Now I'm wondering if natural sea salt is safe to use? Has anyone tried it and had bad out comes?


----------



## MyRainbowBettaFish (May 9, 2012)

i only use AQ salt and for heavier diseases i use epsom salt


----------



## Option (Oct 20, 2012)

AQ sale is just another way to make money off of the uninformed fish hobbyist. If you have regular table salt (minus the iodine) then it will be just fine. 

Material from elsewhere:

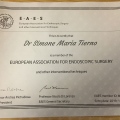 Ingrandire l'immagine: certificate 1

Epsom salt though, is not the same.


----------



## Krys (Jul 28, 2009)

But what about natural sea salt?


----------



## Shadyr (Mar 27, 2012)

AQ salt = chunky non-iodized normal salt. Usually used for external things...ich, fin rot, missing scales.

Iodized salt = BAD

Epsom salt = usually used for internal things - parasites, bloating, SBD.

If the sea has any additives, scent, or extra chemicals, don't use it.


----------



## Option (Oct 20, 2012)

I have never heard of using sea salt before.... 

Epsom salt is used for treating certain disease (as mentioned above), whereas AQ salt is used as a prophylactic additive. I think too many hobbyists use AQ salt as a treatment when this is NOT one of its uses.


----------



## Myates (Aug 2, 2011)

AQ salt is a treatment, and works better that way than to be used as a preventative - bacteria, the fish itself, etc will become resistant/immune to the salt if over exposed.. along with risking the destruction of kidneys due to long exposure of the salt.. whereas it has been proven that AQ salt does kill off external parasites such as ich, does kill off fungus and does kill off bacteria.

It can be used as a preventative for open wounds when used for a short time - a few days.. but other than that, you don't want to use AQ salt unless specific treatment is needed. 

Based off of wet vets, people with decades of experience/research/experiments/etc have shown that AQ salt is better for treatment rather than preventative overall. 

Sea salt is fine to use as a treatment, same rules apply - dissolve before adding it in with fish, no longer than 10-14 days, etc.


----------



## Oldfishlady (Mar 1, 2010)

Sodium chloride.....salt, aquarium salt, table salt, sea salt, kosher salt....

Even the iodine in salt isn't harmful and can even be deficient in some case-making it beneficial in low dose-often found in many fish foods, additives...etc... Iodine in salt is really iodide.

Same with the other additive in table salt for clumping.....short term low doses are not harmful to salt tolerant fish, however, with any thing....excessive can be bad..........In a pinch I have used table salt without problems and still use it for hatching brine shrimp. With that said, I would only recommend table salt in an emergency when you didn't have a salt without additives on hand.

Depending on the sea salt or marine salt-these can sometime have other additives, minerals, salts...etc.....Marine salt isn't the same as aquarium salt per se-but its still sodium chlorine with a lot of different minerals, elements, salts added.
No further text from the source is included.